May 31, 2024


       The U.S. economy began the second quarter on a softer note. Employment growth in April was below expectations, but a still-healthy 175K. It was the smallest increase in jobs since October 2023. The unemployment rate edged up to 3.9% from 3.8% the prior month. The Job Openings and Labor Turnover Survey (JOLTS) in March saw a decline in openings, hirings and quits, which may presage cooling in the labor market. Other data that pointed to moderating economic activity in April included retail sales, manufacturing, and services sector indices.


GDP and Employment

     Retail sales were flat in April, with the data for March being revised lower. In addition to slower wage growth, consumers are showing some signs of stress, according to the Federal Reserve Bank of New York’s Quarterly Report on Household Debt and Credit. Household debt has reached a record level in the first quarter, with rising delinquency rates on auto loans and credit cards combined with a lower savings rate. Uncertainty about demand and higher-for-longer interest rates are starting to affect other parts of the economy. Industrial production was flat in April, and both the Institute for Supply Management (ISM) manufacturing and service sector indices slipped into below -50 territory, which is consistent with contraction in overall economic activity.

Institute for Supply Mgt activity

     Not all the news was bad. The Fed got the first positive news on inflation following four months of upside surprises. The headline and core Consumer Price Index (CPI) decelerated on both a monthly and annual basis.

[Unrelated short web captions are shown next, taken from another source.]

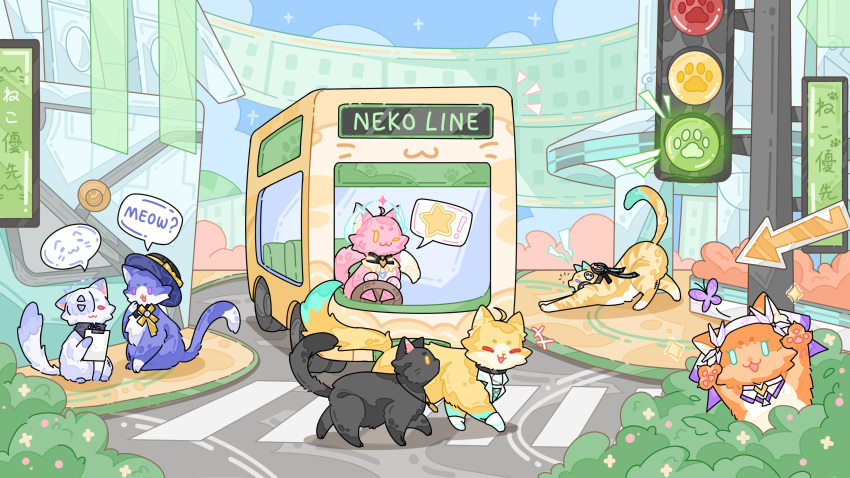 +++, absurdres, aemeath_(wuthering_waves), animalization, blue_sky, bus, cat, cat_day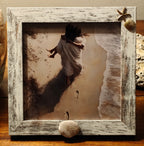 "Footprints" 5x5 Coastal Jesus Frame – Gold Seashell & Starfish Decor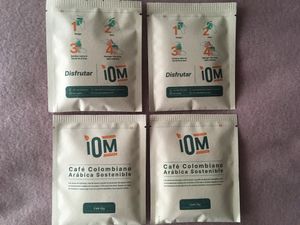 One-cup coffee packets that they make and sell   at Iom Cocina Plant-Based in Bogota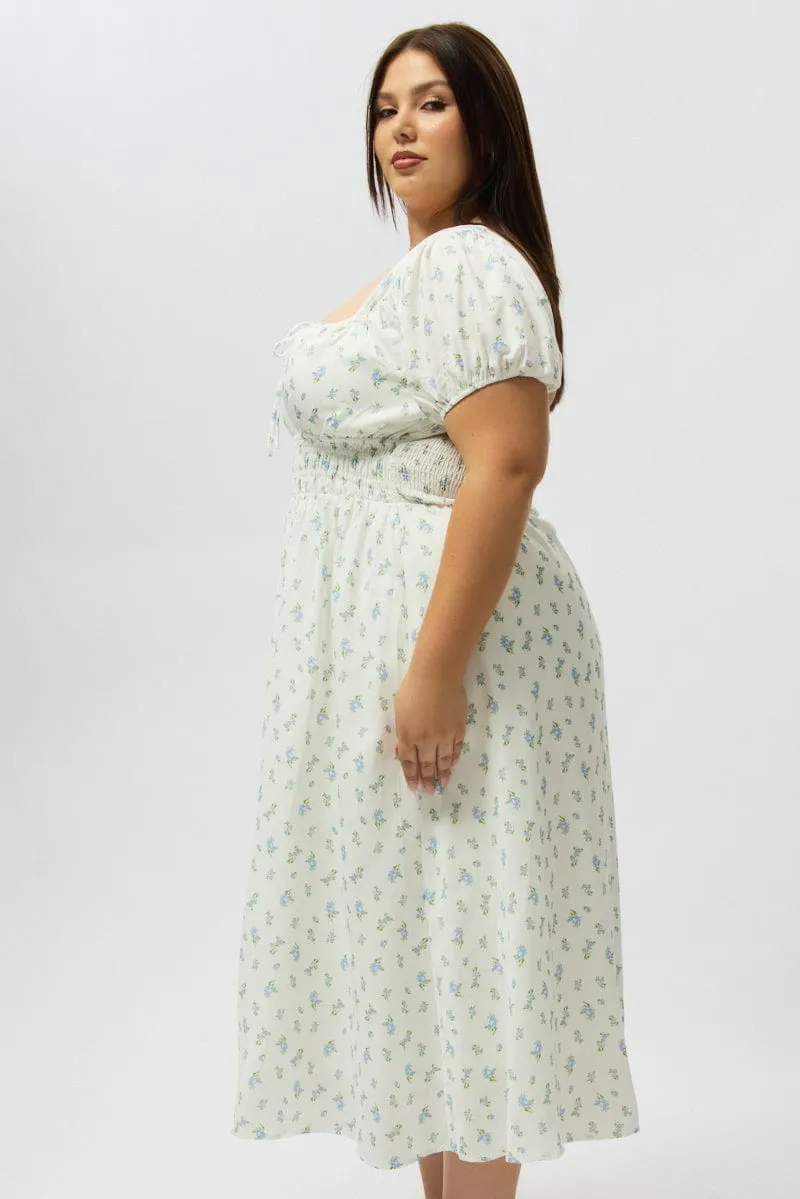 Blue Ditsy Midi Dress Short Sleeve Ruched Bust Earthy Hue Tulle Air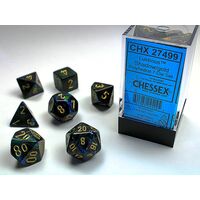 Lustrous® Shadow/gold 7-Dice Set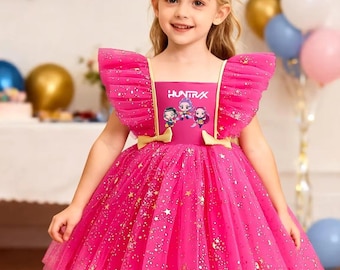 Benutzerdefinierte K-Pop Jäger Zoey Rumi Prinzessin Kleid für Mädchen Pailletten Sterne Bogen Tutu Kleid Baby-formale Gala Abschlussball-Kleid Kinder-Party Kostüm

Meanwhile, the headline and core Personal Consumption Expenditures (PCE) deflators held steady on a year-over-year basis at 2.7% and 2.8%, respectively. Even as price growth may be moderating, everything feels like it costs more, because it does. This has a compounding effect on consumers who spend less on discretionary items while prioritizing non-discretionary items such as shelter, groceries and gasoline.


CPI Goods vs CPI Services

     Economic growth is showing tentative signs of slowing and the labor market is showing tentative signs of softening, but inflation remains stuck above the Fed’s target. As a result, Fed officials are uniformly signaling a desire to give restrictive monetary policy more time to work in order to cool inflation. At the same time, there has been some increasing debate about whether the neutral rate has moved up and how restrictive policy really is. Even though April’s inflation gauges showed moderation, policymakers want several more months of data in order to regain confidence that inflation is on a sustainable path towards the Fed’s 2% goal. The Fed will hold rates at the current level until more compelling data shows inflation is on that path or until the risk of recession becomes dominant.